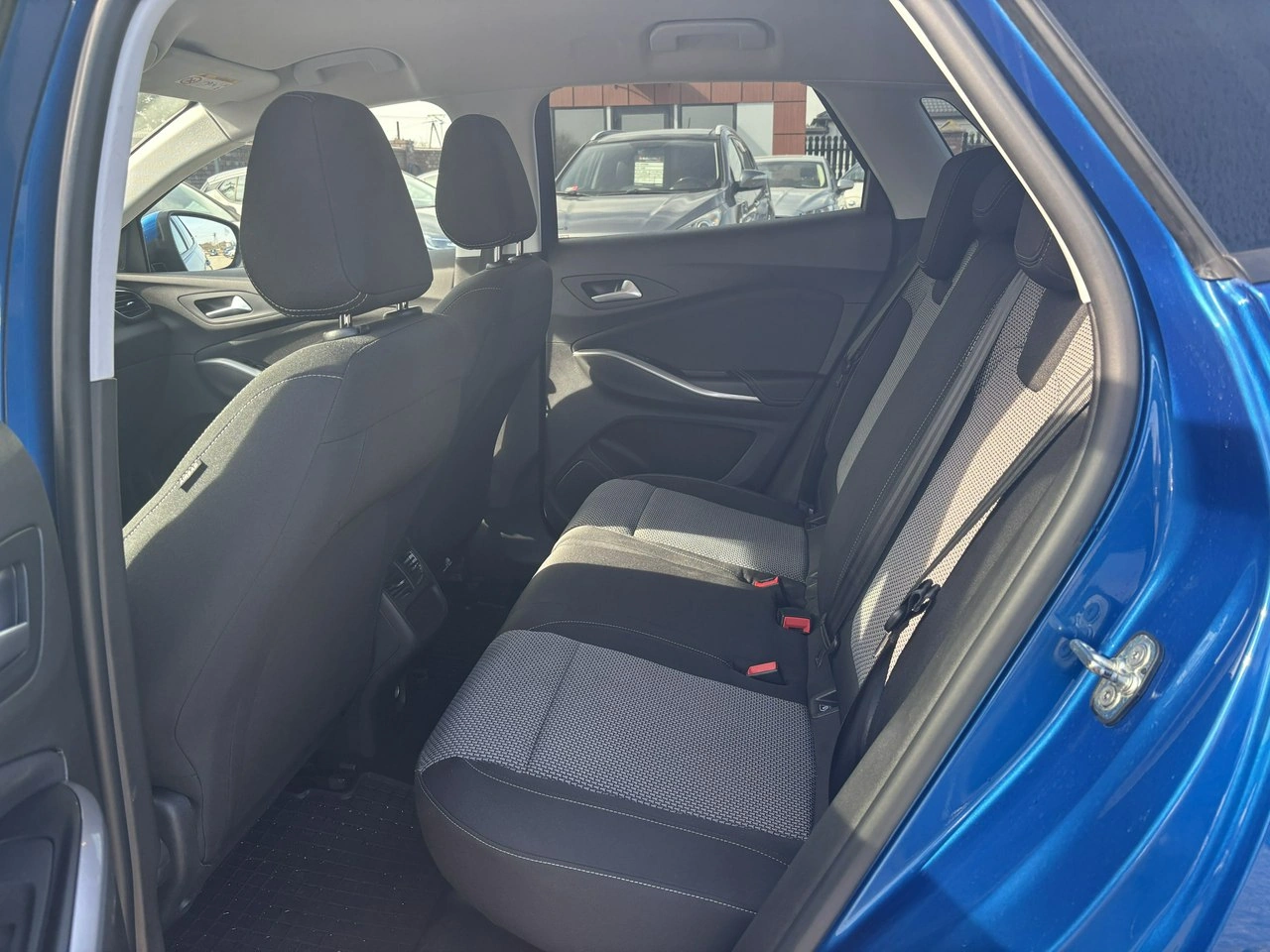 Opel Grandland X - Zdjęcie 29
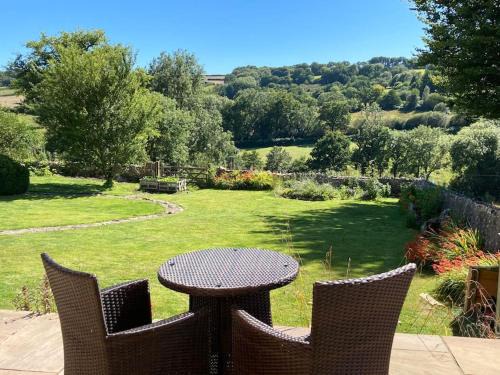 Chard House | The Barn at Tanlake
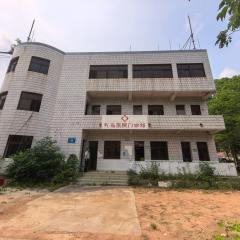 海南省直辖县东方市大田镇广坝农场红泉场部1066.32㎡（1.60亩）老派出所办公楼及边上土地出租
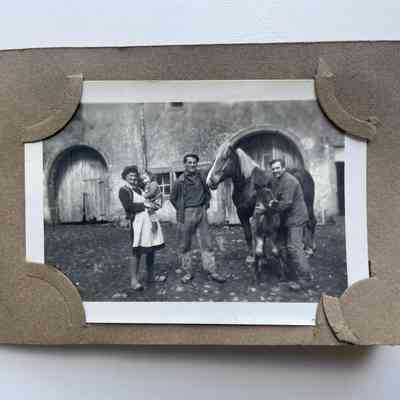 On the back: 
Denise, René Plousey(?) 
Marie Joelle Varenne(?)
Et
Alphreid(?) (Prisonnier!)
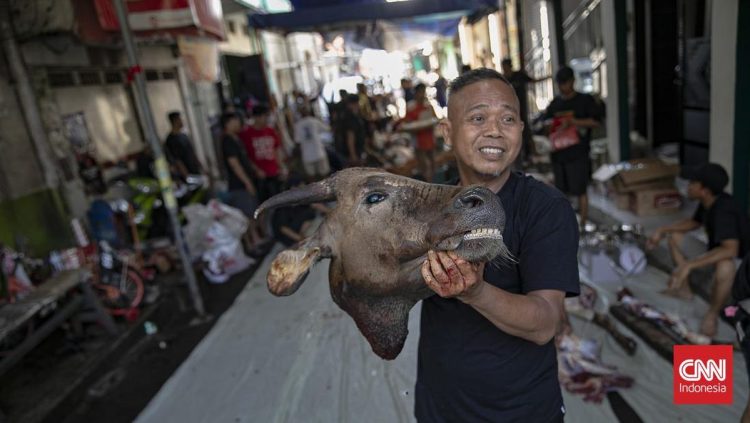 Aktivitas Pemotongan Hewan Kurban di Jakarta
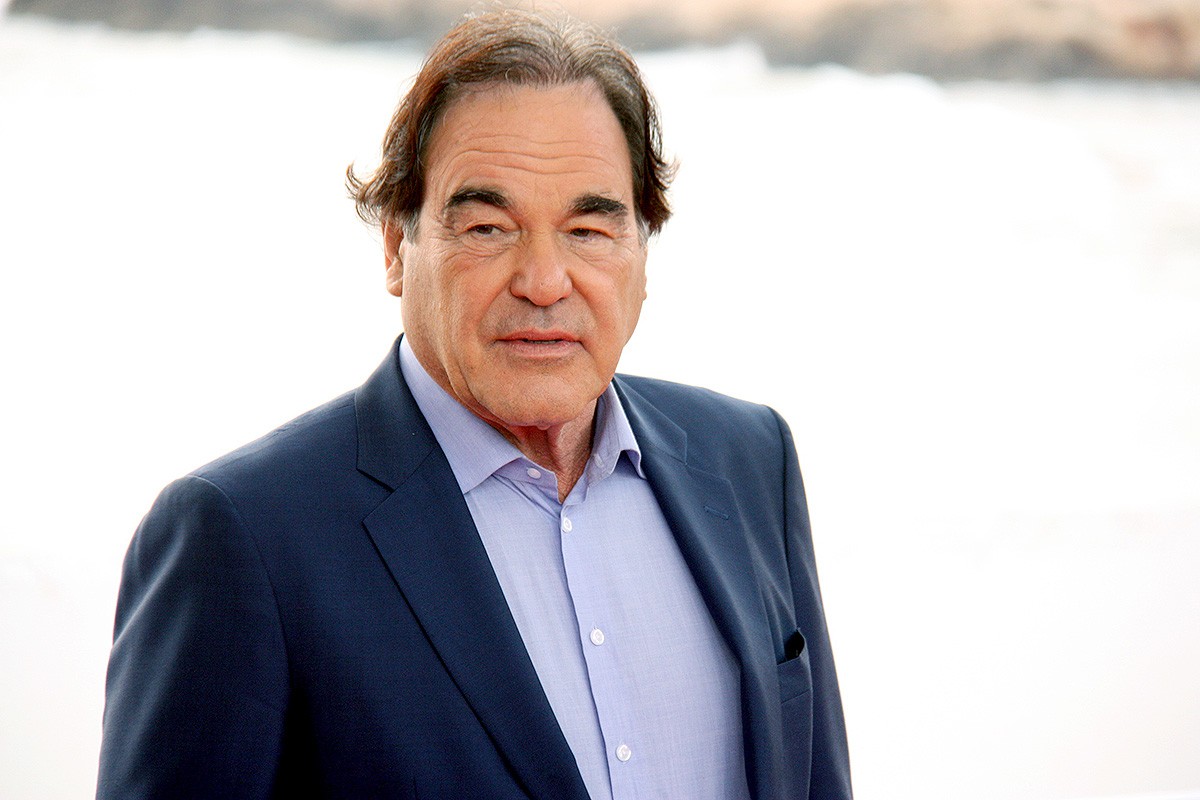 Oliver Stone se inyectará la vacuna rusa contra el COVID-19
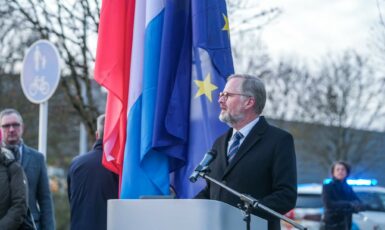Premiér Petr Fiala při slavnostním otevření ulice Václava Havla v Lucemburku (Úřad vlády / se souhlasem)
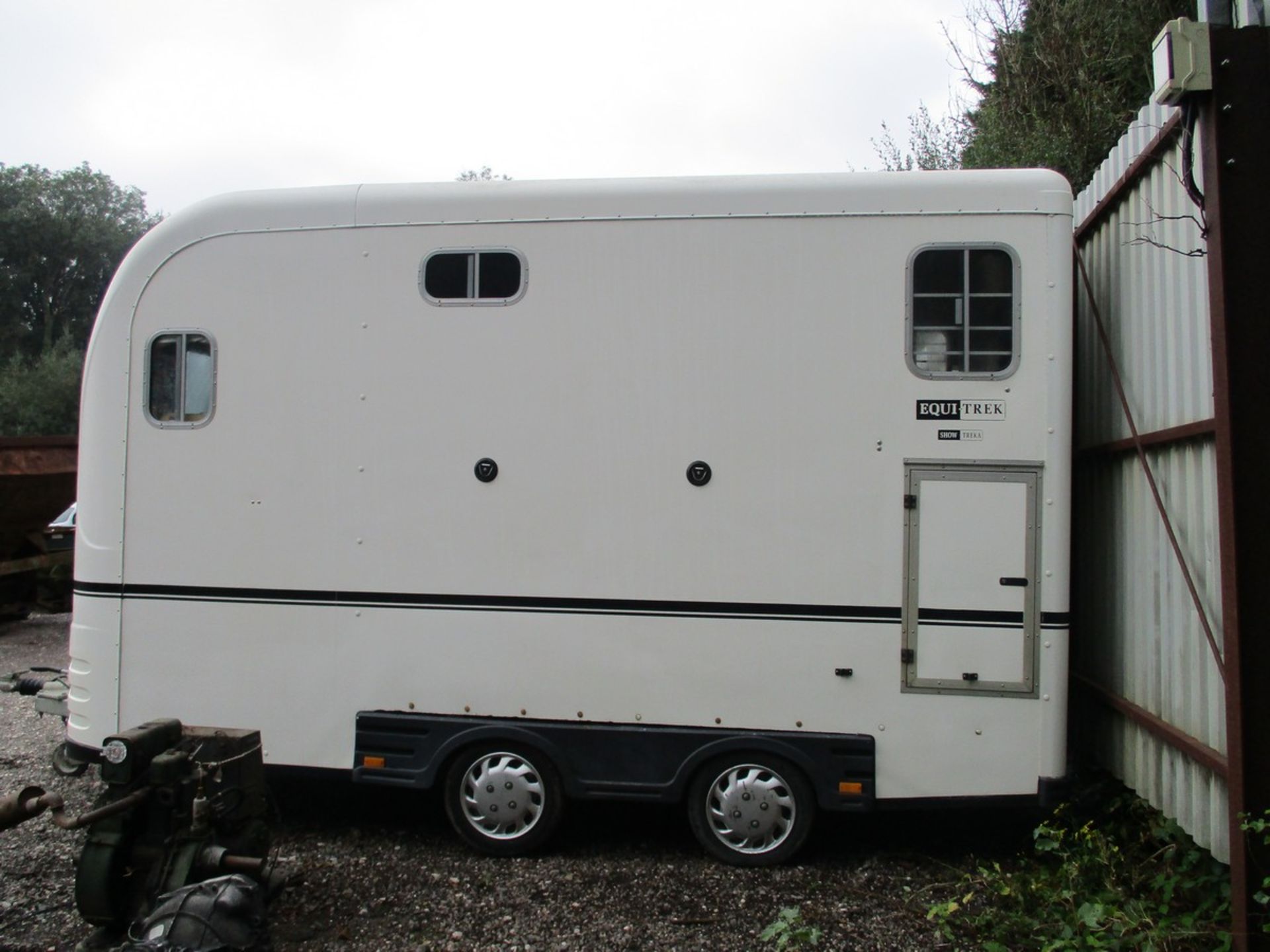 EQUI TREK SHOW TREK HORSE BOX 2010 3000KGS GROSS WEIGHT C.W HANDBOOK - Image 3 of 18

────────

Reproduce each line above exactly, but not a single picture.

 Opel Grandland X - Zdjęcie 29
 Chard House | The Barn at Tanlake
 海南省直辖县东方市大田镇广坝农场红泉场部1066.32㎡（1.60亩）老派出所办公楼及边上土地出租
 On the back: 
Denise, René Plousey(?) 
Marie Joelle Varenne(?)
Et
Alphreid(?) (Prisonnier!)
 Aktivitas Pemotongan Hewan Kurban di Jakarta
 Oliver Stone se inyectará la vacuna rusa contra el COVID-19
Premiér Petr Fiala při slavnostním otevření ulice Václava Havla v Lucemburku (Úřad vlády / se souhlasem)
 EQUI TREK SHOW TREK HORSE BOX 2010 3000KGS GROSS WEIGHT C.W HANDBOOK - Image 3 of 18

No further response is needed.